The portfolio’s spread – across Berlin, Kiel, Rendsburg and Cologne – will no doubt vary in rental levels and quality.
Rod McGeoch, chair of BGP Holdings, said prior to the sale the firm had focused its efforts on the portfolio, increasing asset values through renovation and reducing vacancy, as well as increasing rents.
Patrizia Immobilien recently bought a German residential portfolio from Bouwfonds Investment Management.
The Augsburg-headquartered fund manager invested in the 223,000sqm portfolio for close to €300m, according to sources.
The deal was said to have been made for a major German insurance company which, according to media reports, is Barmenia.
The portfolio, made up of about 3,500 apartments, is spread across 50 properties in 25 major German cities.
“There continues to be high demand for good-quality rental accommodation in Germany, as proven by the high occupancy rate across this geographically diverse portfolio,” says Philipp Schaper, group head of transactions at Patrizia.
The portfolio, originally owned by several private Dutch investor funds, is 97% let and includes properties in North Rhine-Westphalia, Lower Saxony and Bavaria.
Berlin’s growth potential
The German capital remains in favour with investors.
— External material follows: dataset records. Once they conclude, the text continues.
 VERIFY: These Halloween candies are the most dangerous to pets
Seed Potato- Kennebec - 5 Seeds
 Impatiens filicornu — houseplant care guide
Hines recently bought a site in the city on which it will build its first PRS scheme.
The manager is financing the construction of 530 rental apartments on the 231,424sqft Wohnpark Südkreuz scheme, in the city’s Schöneberg district.
The city’s rent levels are still considered low enough to offer scope for growth, albeit at a lower pace than during the last decade.
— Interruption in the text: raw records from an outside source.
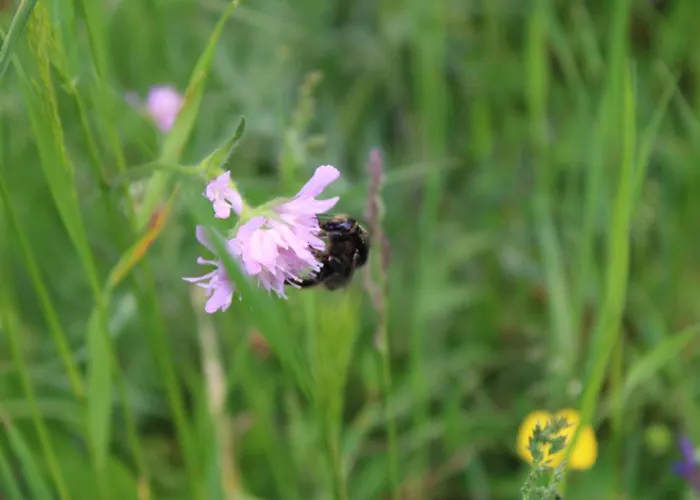 Herzblick * Sankt Georgen im Gailtal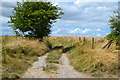 Start of track beside the A360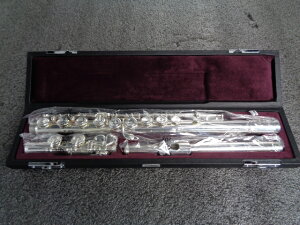 �V���ׁ@���}�n�@�t�B�l�X�@�t���[�g YFL-517 �V�i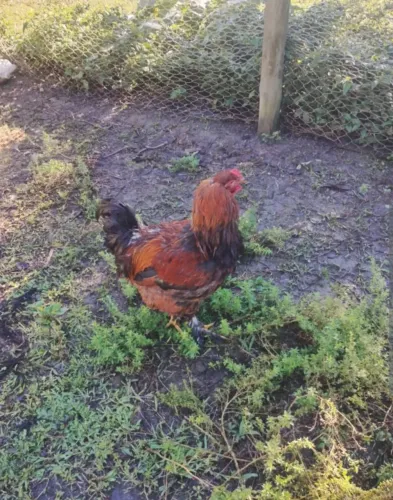Galo Brahma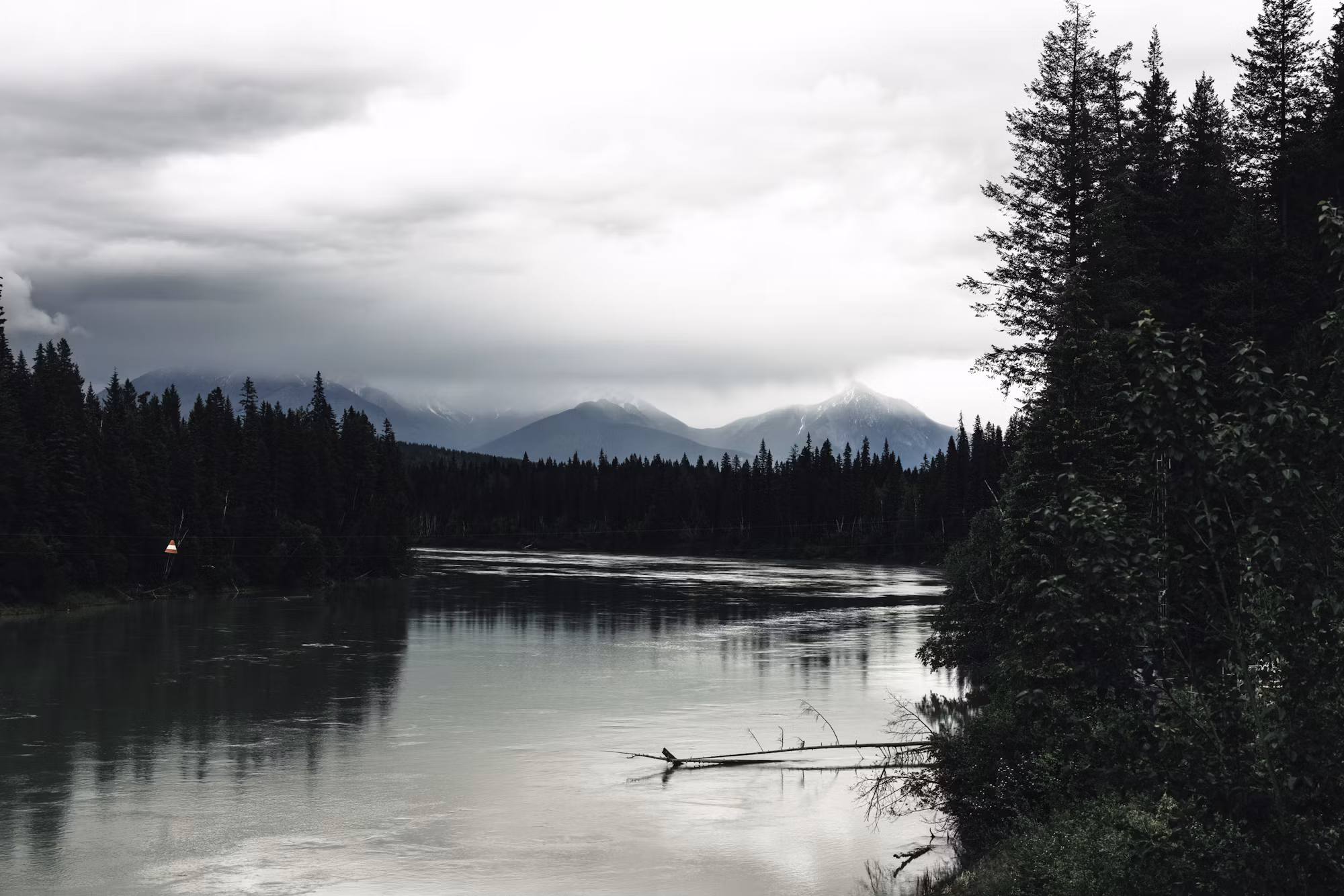 Hammock Camping: The Ultimate Guide to Relaxation in Nature
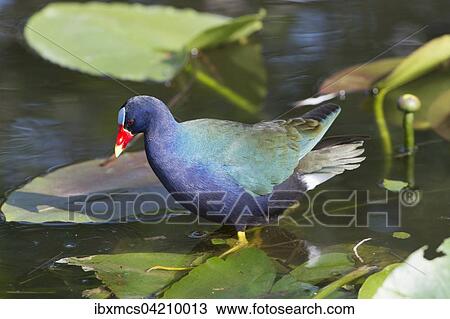 Purple Swamphen (Porphyrio Porphyrio) in the water, Florida, USA, North America View Large Photo Image Stock Image - Purple Swamphen (Porphyrio Porphyrio) in the water, Florida, USA, North America. Fotosearch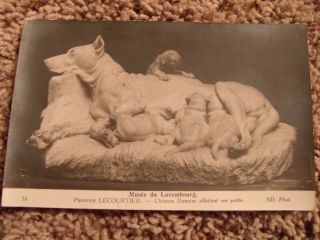 Vintage Postcard Musee De Luxembourg Prosper Lecourtier Mother Dog Pups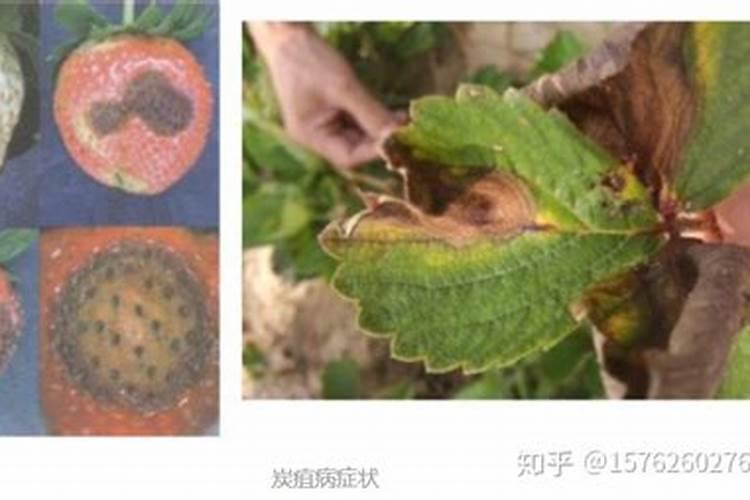 草莓炭疽病发病症状，草莓炭疽病有哪些症状？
In a jointly published 2016 Housing Market Report for Berlin, CBRE and Berlin Hyp noted that the average asking rent has, however, been falling in recent years.
Growth eased to 5.1% in 2015, following a 6.9% increase in 2013 and 6.6% in 2014.
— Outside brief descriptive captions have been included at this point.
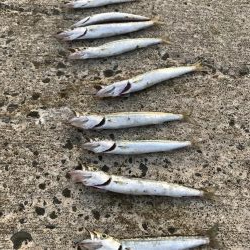 夏のライトショアジギング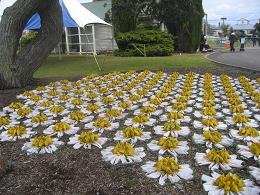 NZ Sculpture Onshore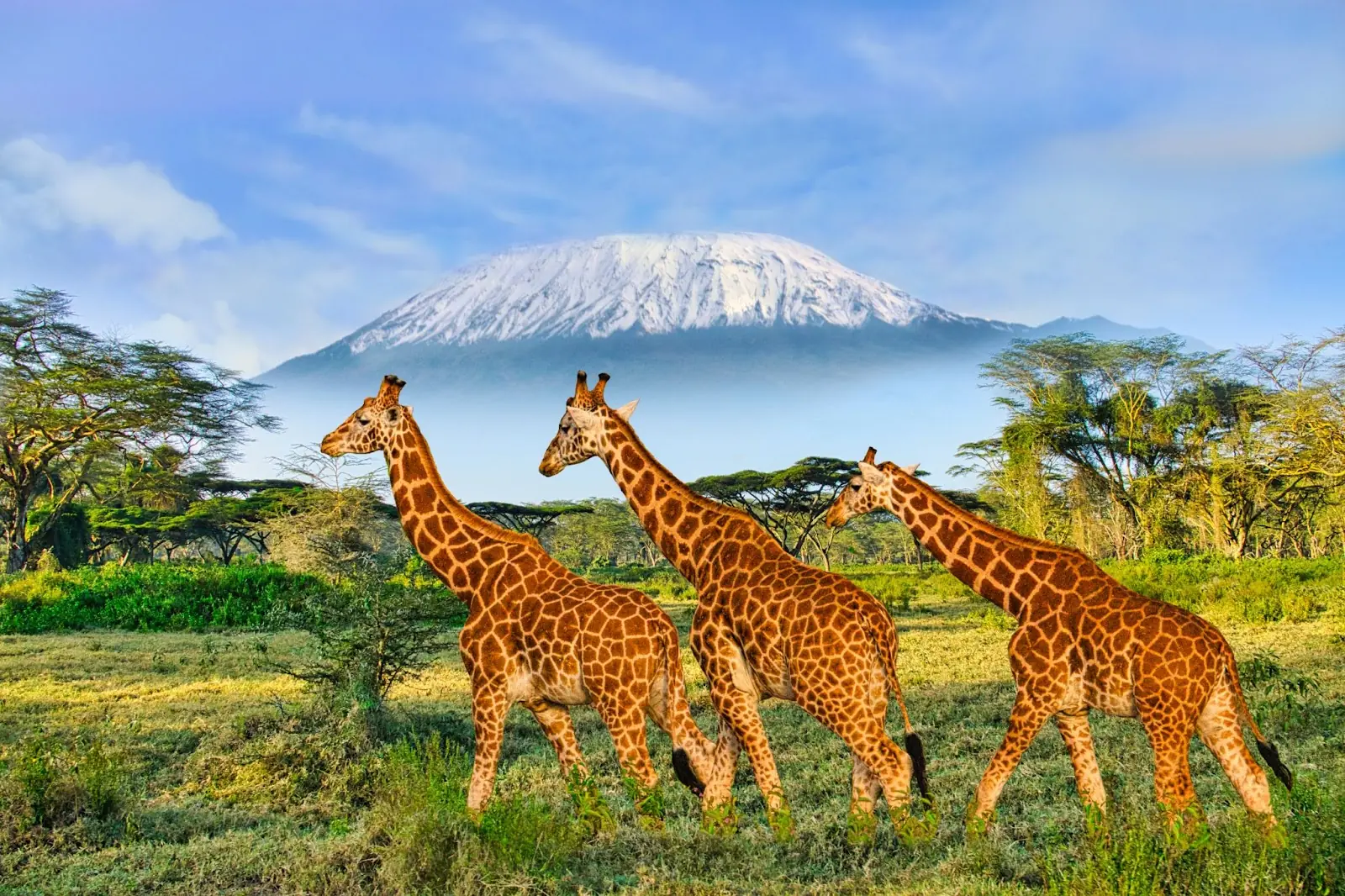 Giraffes and sunset in Tsavo East and Tsavo West National Park in Kenya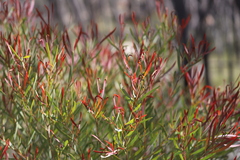Acacia burrana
The report says the slowdown cannot be attributed to Berlin’s mietpreisbremse – the capping of rents on re-letting introduced in June 2015.
“The reasons for the weaker rental growth become clear on examining the extremes of rental value,” says the report. “In the lowest segment, the median asking rent rose by only 2%.
“The potential tenants of such apartments have only limited purchasing power available to pay rent, no matter whether they have to find the money from their own budgets or whether the state pays them as benefit recipients.”
In both instances, the report says, there is a risk of vacancy if “excessive asking rents outstrip the individual’s ability to pay.
“General pressure on the Berlin housing market still does not appear to be strong enough to force wealthier people into this lowest segment, which would make higher asking rents feasible.”
ADO Properties, which is solely focused on the city, invested €218m in August. The firm bought 1,905 units in the German capital, of which 1,877 are residential and 28 commercial.
Annual rent from the units, in the Schöneberg, Wilmersdorf and Neukölln districts, totals €10.2m.
Current rents of €6.20 per sqm per month are expected to rise to €7.30 per sqm per month.
“Berlin is still growing and demand on the housing market is growing with it,” says Henrik Baumunk, managing director at CBRE and co-author of the firm’s jointly compiled report with Berlin Hyp. “As an investment location, Berlin continued to be in focus last year.
“In the wake of the continuing sharp increase in population and positive impetus in the local economy, the city is still sought after as an attractive investment location.”
CBRE predicts that about €10bn of German residential investment is “realistic” for 2016.